Records to use START
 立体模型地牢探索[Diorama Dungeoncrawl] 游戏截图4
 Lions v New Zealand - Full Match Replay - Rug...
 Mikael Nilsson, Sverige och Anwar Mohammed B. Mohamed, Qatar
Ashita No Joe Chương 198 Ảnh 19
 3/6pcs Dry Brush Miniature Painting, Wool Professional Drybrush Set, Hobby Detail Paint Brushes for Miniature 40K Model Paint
Records to use END
Records to use START
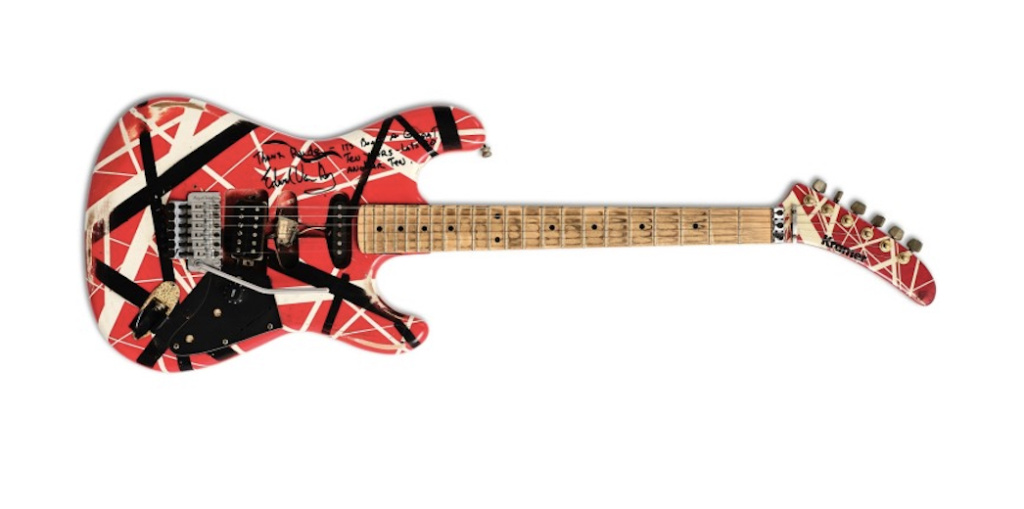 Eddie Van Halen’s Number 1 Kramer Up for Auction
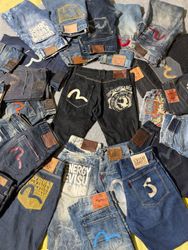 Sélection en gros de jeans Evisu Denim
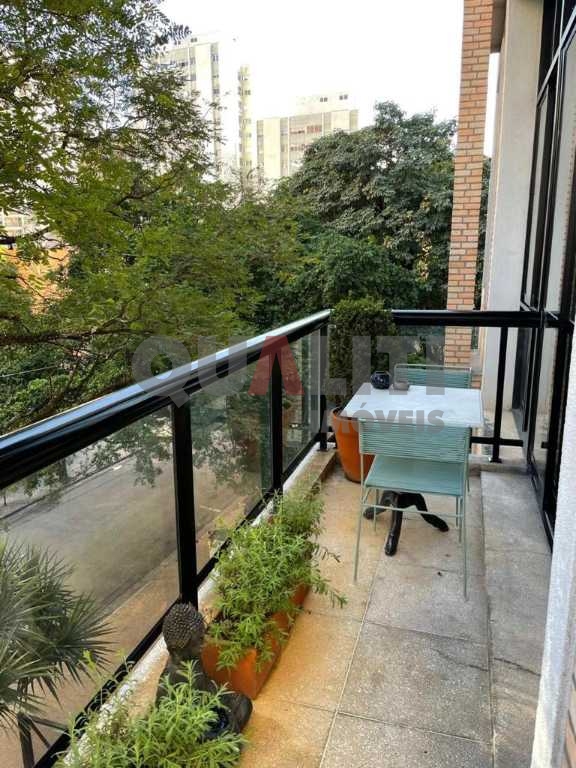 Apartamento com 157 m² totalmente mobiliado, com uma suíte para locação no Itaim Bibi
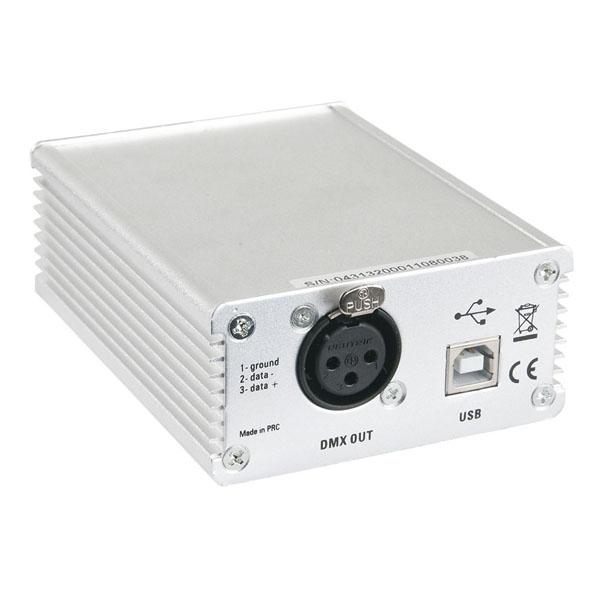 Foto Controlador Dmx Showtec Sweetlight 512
Records to use END
** What is being asked **
Only the lines from the one containing "立体模型地牢探索[Diorama Dungeoncrawl] 游戏截图4" through the one containing "3/6pcs Dry Brush" are to be retyped, both boundary lines included, with no other material.

** Task output **
 立体模型地牢探索[Diorama Dungeoncrawl] 游戏截图4
 Lions v New Zealand - Full Match Replay - Rug...
 Mikael Nilsson, Sverige och Anwar Mohammed B. Mohamed, Qatar
Ashita No Joe Chương 198 Ảnh 19
 3/6pcs Dry Brush Miniature Painting, Wool Professional Drybrush Set, Hobby Detail Paint Brushes for Miniature 40K Model Paint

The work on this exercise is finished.